Why not send her to Car Heaven?
Car Heaven is a not-for-profit organization, created by a charity called the Clean Air Foundation.
Car Heaven is committed to recycling old cars, to make their parts reusable, and to safely dispose of dangerous chemicals.
Its other chief purpose is to raise awareness about driving and clean air.
Since its inception in 2000, Car Heaven has been a huge success. It has recycled 89,115 vehicles, prevented the emission of 46,072 tons of carbon monoxide, and 4,794 tons of smog-forming chemicals.
Over $3 million have been raised for environmentally focused charities. Perhaps most importantly, it has prevented the creation of thousands of tons of greenhouse gases.
The program has received much media attention. For instance, the Montreal Gazette encouraged its readers to send their cars to this "accelerated vehicle retirement program". The CAA (Canadian Automobile Association) lavished Car Heaven with praise.
If you live in any of Canada's seven provinces, with the exception of Alberta, you are eligible to recycle your car with Car Heaven. Simply log onto carheaven.ca, and click on Donate a Vehicle. Choose your province of residence, and you will be taken an online application form.
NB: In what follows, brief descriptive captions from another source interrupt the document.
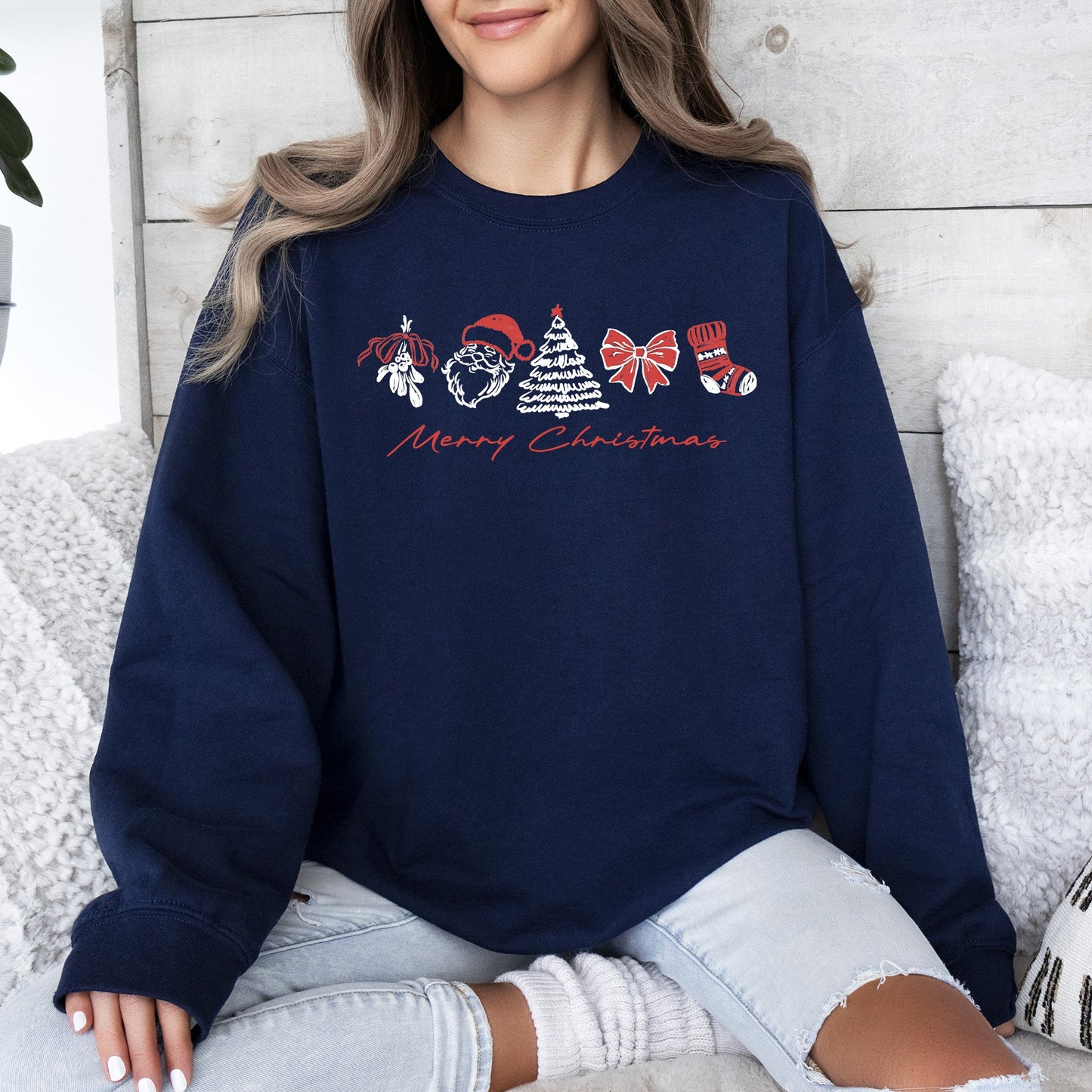Merry Christmas, Santa, Retro, Vintage Sweatshirt
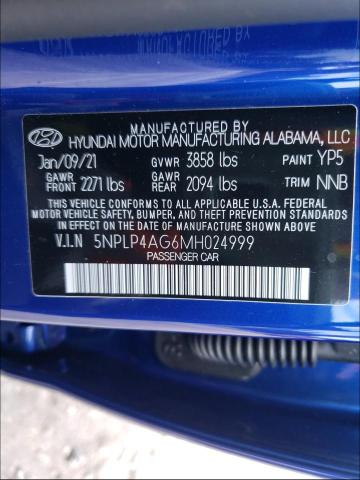 5NPLP4AG6MH024999 - 2021 HYUNDAI ELANTRA LI BLUE photo 10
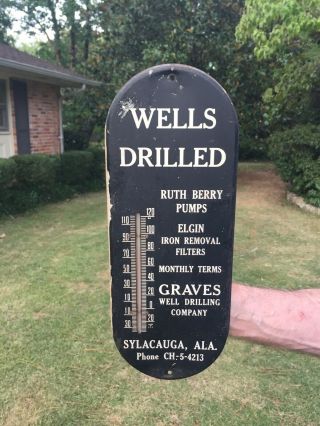 Vintage Metal Advertising Thermometer - Graves Well Drilling - 1950’s - Alabama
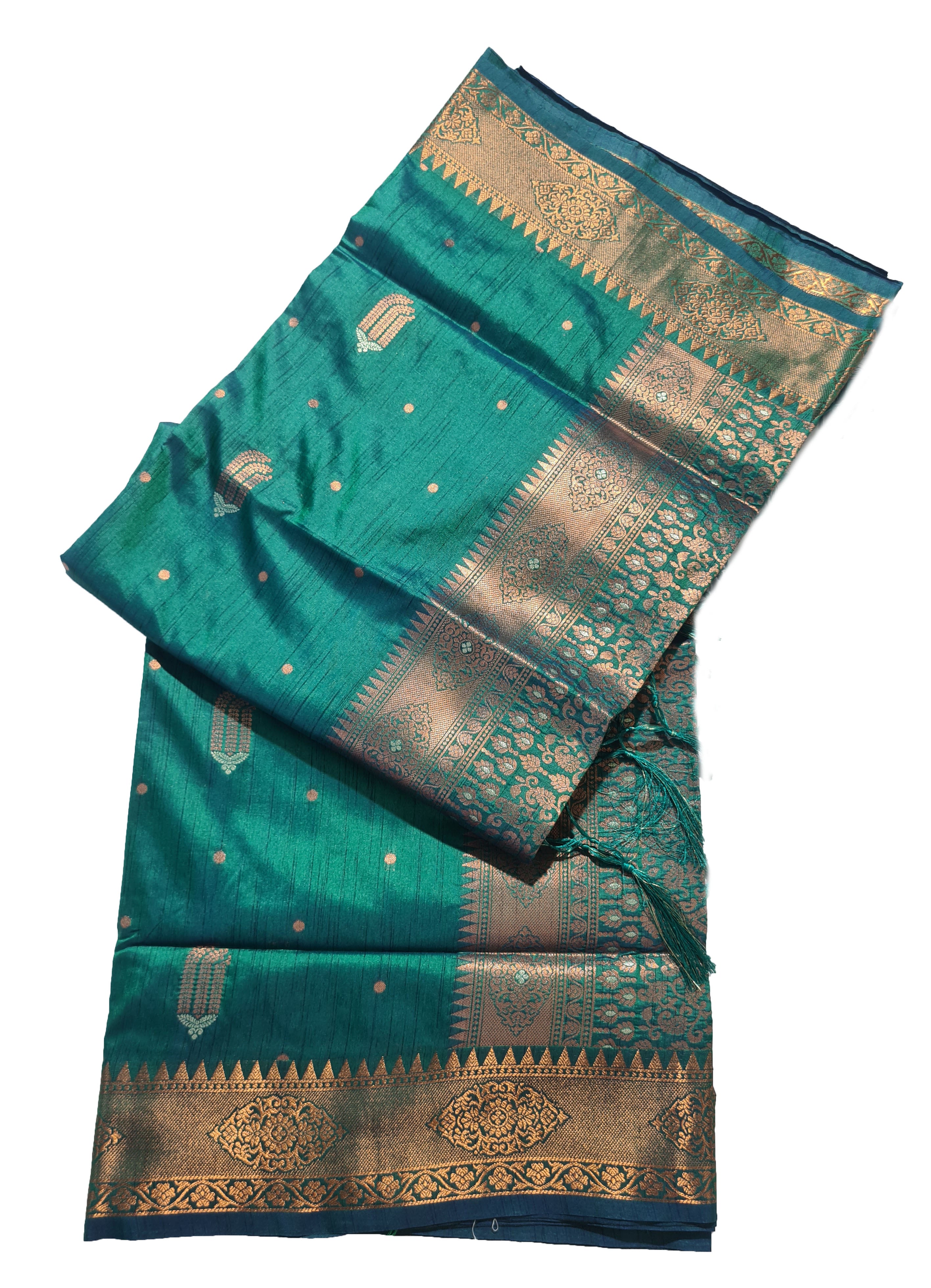 Rajbeer Presents Klaura Silk Amazing Tessar Silk Copper Zari Handloom Weaving Sarees
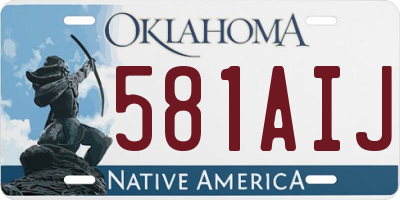 OK license plate 581AIJ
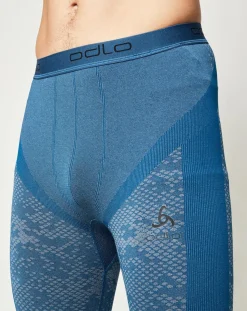 Homme Odlo Pantalons^Collant technique 3/4 Blackcomb Evolution Warm bleu opale/noir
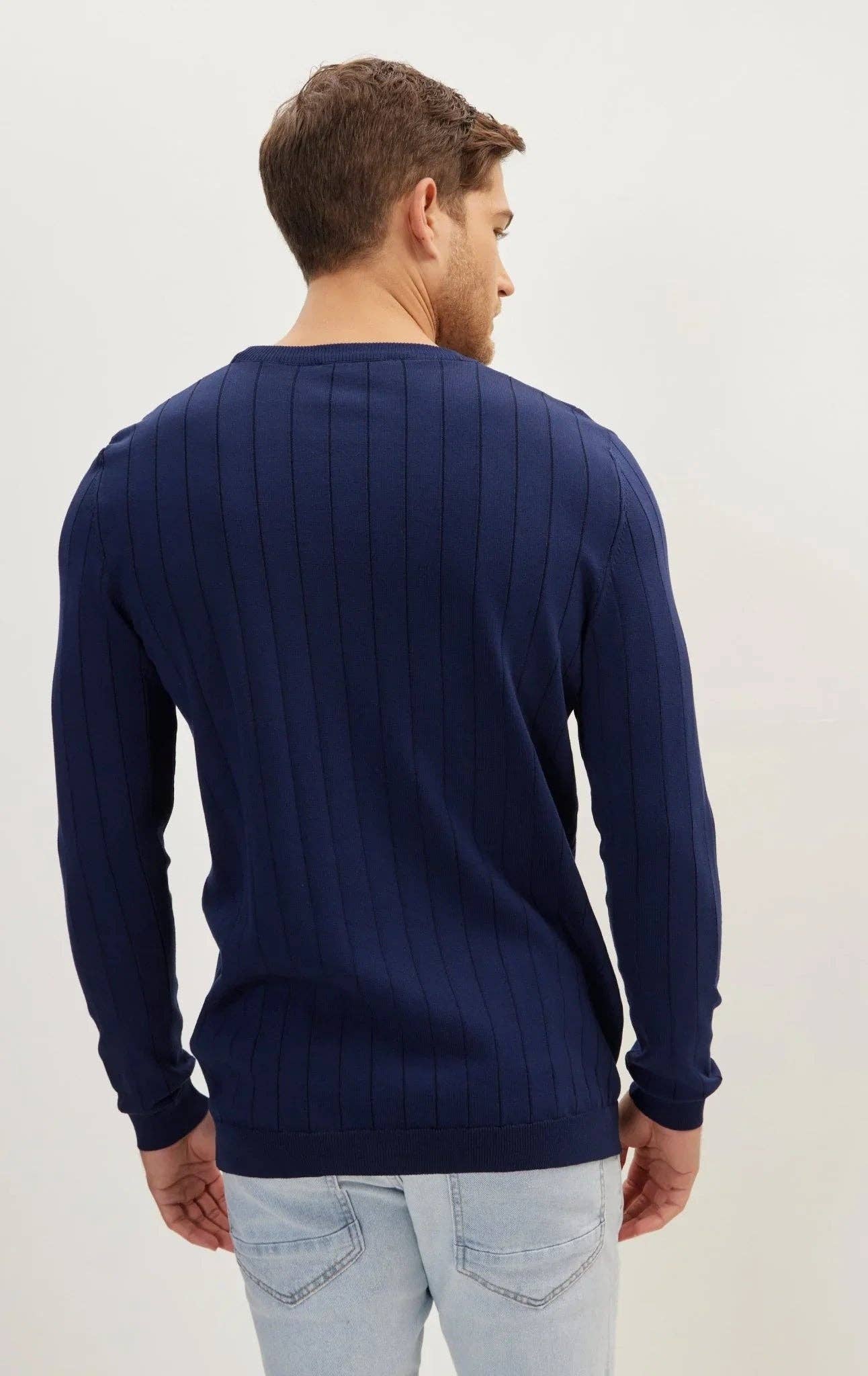 Men's Slip-Stitch Crew Neck Long Sleeve Sweater - Navy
After completing the application form, print it out for your records. Find your Ownership Permit, and fill in the Application for Transfer section. Indicate that you wish to transfer ownership of your vehicle to Car Heaven. Do not forget to record the current odometer reading.
Within the next two weeks, you should expect a call from the Ontario Automotive Recyclers Association. They will arrange a time with you, to pick up your old vehicle.
Once your vehicle is taken to Car Heaven, rest assured that it will be recycled. Reusable materials such as plastics and metals will be resold, to make new products. Dangerous chemicals such as battery acid will receive appropriate treatments, to render them harmless and disposable.
In addition to environmental and health benefits, what are other benefits of recycling your old vehicle?
For one, you will receive a tax receipt for at least $60. Additionally, by replacing your old car with a more fuel-efficient model, you save money on gas.
Depending on your province and possibly the make and model of your vehicle, you could be eligible for other perks too.
Car Heaven gives out discounted membership to car pooling programs, free public transportation passes, discounts on bicycles, or discounts on a new GM vehicle.